Kore e Kuros
Ex Noviziato dei Crociferi, Palermo, 2010
Sette kouroi, o ritratti di personaggi, alti sette metri, realizzati da Domenico Pellegrino, uno dei primi artisti che negli scorsi anni hanno deciso di dedicare tutta la propria attività artistica alla registrazione e alla catalogazione di personaggi-modello della vita giovanile quotidiana. In sostanza ciò che lo scanner di Pellegrino riprende è rappresentato poi con i vari colori dello spettro solare distribuiti a seconda della diffusione del calore corporeo: ciò che la cinematografia hollywoodiana (si tengano presente ad esempio film come Terminator, Predator o Alien o telefilm come Star Trek ecc.) ci ha abituato essere l’unico tipo di visione possibile per una macchina.

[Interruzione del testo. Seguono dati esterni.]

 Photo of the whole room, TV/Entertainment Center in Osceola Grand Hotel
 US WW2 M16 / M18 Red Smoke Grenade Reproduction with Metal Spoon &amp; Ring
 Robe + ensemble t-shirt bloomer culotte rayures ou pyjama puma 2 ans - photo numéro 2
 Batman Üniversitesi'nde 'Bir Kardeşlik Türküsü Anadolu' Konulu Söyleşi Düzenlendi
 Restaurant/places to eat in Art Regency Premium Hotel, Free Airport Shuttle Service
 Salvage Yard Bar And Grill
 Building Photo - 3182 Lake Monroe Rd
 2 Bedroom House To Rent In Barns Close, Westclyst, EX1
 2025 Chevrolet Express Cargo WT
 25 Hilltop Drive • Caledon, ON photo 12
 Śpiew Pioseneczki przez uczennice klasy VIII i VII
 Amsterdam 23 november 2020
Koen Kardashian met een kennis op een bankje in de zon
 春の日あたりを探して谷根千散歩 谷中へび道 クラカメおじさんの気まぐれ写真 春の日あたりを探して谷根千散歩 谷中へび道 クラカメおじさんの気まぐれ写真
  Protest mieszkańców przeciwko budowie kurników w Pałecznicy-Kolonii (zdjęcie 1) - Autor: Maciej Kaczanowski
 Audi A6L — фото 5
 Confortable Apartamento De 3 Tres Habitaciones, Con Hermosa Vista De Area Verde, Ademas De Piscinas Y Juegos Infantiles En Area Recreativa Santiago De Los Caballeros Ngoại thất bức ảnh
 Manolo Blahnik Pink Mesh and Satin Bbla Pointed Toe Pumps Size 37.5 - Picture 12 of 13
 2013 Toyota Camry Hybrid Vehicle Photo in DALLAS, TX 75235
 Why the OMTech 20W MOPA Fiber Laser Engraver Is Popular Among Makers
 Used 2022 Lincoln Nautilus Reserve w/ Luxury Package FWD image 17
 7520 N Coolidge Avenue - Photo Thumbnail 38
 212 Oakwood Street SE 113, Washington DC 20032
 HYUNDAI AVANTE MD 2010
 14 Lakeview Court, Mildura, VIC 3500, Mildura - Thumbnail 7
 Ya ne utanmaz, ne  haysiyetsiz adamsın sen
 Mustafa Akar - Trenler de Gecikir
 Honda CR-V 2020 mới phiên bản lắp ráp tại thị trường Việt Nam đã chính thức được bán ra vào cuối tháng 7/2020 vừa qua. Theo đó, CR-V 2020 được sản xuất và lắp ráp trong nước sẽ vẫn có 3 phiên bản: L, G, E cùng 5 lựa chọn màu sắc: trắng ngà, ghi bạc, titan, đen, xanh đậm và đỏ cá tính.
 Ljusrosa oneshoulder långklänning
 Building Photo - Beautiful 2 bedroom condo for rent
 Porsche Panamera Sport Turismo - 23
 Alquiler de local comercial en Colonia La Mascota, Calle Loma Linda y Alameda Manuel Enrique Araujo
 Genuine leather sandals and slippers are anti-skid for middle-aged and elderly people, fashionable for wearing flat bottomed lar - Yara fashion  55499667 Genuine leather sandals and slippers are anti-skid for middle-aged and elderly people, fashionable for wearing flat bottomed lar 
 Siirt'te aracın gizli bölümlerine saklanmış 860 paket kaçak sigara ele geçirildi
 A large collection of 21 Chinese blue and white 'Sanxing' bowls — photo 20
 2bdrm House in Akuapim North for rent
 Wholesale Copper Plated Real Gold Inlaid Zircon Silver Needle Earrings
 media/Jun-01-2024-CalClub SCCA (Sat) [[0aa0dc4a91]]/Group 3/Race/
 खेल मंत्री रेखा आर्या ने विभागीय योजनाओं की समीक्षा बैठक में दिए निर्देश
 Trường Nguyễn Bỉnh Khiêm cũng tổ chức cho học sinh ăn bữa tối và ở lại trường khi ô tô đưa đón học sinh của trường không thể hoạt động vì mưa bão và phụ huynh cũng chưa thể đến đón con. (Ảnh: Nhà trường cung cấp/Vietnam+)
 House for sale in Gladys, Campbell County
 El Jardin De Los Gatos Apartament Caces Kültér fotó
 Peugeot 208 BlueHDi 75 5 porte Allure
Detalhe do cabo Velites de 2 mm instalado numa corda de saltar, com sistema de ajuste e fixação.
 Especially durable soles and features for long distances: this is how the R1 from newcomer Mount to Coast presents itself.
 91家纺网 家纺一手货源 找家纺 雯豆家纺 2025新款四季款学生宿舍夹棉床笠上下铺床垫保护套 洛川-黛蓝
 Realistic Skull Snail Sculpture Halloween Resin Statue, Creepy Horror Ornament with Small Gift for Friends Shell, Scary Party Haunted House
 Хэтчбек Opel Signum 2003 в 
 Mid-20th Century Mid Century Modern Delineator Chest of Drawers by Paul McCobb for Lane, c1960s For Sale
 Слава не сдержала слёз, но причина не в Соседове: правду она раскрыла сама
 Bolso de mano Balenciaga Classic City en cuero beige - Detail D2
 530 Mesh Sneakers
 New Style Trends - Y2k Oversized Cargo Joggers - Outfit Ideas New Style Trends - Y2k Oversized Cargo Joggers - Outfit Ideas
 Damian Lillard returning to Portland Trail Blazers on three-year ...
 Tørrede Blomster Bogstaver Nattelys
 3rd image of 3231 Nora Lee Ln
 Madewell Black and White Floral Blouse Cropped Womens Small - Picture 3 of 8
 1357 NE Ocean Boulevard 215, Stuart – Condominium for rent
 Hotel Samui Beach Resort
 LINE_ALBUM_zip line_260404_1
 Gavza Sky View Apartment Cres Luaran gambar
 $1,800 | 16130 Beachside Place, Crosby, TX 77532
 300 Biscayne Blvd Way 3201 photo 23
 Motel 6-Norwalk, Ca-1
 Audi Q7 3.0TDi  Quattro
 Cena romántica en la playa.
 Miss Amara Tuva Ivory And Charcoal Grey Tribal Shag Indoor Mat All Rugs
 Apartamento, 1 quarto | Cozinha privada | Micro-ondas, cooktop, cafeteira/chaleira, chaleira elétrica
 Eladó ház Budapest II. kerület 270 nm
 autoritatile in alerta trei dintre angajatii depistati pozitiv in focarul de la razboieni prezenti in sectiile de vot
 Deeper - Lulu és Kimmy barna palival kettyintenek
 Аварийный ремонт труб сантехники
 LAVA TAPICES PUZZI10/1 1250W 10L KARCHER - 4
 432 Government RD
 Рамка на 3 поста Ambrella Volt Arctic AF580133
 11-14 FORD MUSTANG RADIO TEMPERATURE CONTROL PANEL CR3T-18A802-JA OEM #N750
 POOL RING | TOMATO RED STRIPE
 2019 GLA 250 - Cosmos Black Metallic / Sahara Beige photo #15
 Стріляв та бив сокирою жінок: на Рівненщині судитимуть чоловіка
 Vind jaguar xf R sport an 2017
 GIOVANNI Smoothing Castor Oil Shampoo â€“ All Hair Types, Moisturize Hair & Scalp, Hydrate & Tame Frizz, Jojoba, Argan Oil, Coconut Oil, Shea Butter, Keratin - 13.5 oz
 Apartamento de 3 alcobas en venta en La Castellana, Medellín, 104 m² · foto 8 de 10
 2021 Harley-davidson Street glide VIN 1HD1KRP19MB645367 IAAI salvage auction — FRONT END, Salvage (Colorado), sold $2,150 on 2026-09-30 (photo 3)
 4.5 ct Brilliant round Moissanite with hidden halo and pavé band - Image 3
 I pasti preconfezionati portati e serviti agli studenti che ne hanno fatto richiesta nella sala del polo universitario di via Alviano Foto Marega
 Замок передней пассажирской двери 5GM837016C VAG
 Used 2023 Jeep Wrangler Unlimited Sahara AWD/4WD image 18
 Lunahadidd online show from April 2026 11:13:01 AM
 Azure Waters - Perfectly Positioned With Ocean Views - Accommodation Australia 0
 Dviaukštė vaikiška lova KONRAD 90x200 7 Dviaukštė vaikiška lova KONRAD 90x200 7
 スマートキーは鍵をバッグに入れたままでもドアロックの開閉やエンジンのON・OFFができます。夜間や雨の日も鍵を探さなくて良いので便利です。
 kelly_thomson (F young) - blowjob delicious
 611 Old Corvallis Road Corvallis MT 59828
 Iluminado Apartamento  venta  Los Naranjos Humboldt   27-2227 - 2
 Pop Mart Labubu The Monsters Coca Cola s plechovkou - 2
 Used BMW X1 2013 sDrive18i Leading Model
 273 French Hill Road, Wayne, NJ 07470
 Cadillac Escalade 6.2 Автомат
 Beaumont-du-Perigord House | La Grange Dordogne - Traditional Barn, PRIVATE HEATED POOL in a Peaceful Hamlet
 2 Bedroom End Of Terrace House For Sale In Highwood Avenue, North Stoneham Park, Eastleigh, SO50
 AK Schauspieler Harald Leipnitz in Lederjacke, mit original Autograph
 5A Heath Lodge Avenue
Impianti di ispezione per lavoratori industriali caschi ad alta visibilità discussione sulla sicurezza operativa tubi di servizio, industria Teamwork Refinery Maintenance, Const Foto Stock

I soggetti raffigurati da Domenico Pellegrino sono in buona parte persone che hanno chiesto all’artista di essere ritratte, per il piacere ed il desiderio di vedersi rappresentate in pubblico.
Scelti dunque i modelli, maschi e femmine indifferentemente, Pellegrino li sottopone a scansioni febbrili, esponendoli alle luci calde e fredde che virano il colore o all’uso di lenti che ne deformano le sagome, per accorgersi con sorpresa che lo scanner, tutt’altro che inerte, reagisce alle differenti cromìe dei modelli: se biondi o bruni, tatuati o pelosi, trasponendoli in una fantasmagoria di colori, in un’estrema e quasi voluttuosa deliquescenza, che testimoniano appunto il trascorrere dell’ordinario nel mondo rarefatto degli archetipi, dei totem, dei tratti maculati della Sindone. Qui le figure – come nei mosaici bizantini, ieratiche ed astanti- levitano nell’aria, assumono l’aspetto di esseri pietrificati nel mezzo del loro movimento, creano le arcane atmosfere che è possibile rinvenire in certi brani sontuosi dell’Endimione di John Keats. E, nel contempo, bizzarre e chimeriche bellezze si evidenziano, dove le singole parti attingono inedite proporzioni, gli elementi solidali si dissociano, le masse carnose divengono, quasi in assenza di gravità , imponderabili.
Come Narciso, che nel lago rispecchia, oltre la propria immagine, l’intero universo, fatto di astri, di piante e d’animali, anche in queste opere gli spettatori, forzati a identificarsi nelle tregende dei corpi, nell’allucinazione degli specchi, si riconoscono infine elementi inalterabili del cosmo, dove ciò che si corrompe rinasce, reintegrandosi in nuovi cicli vitali.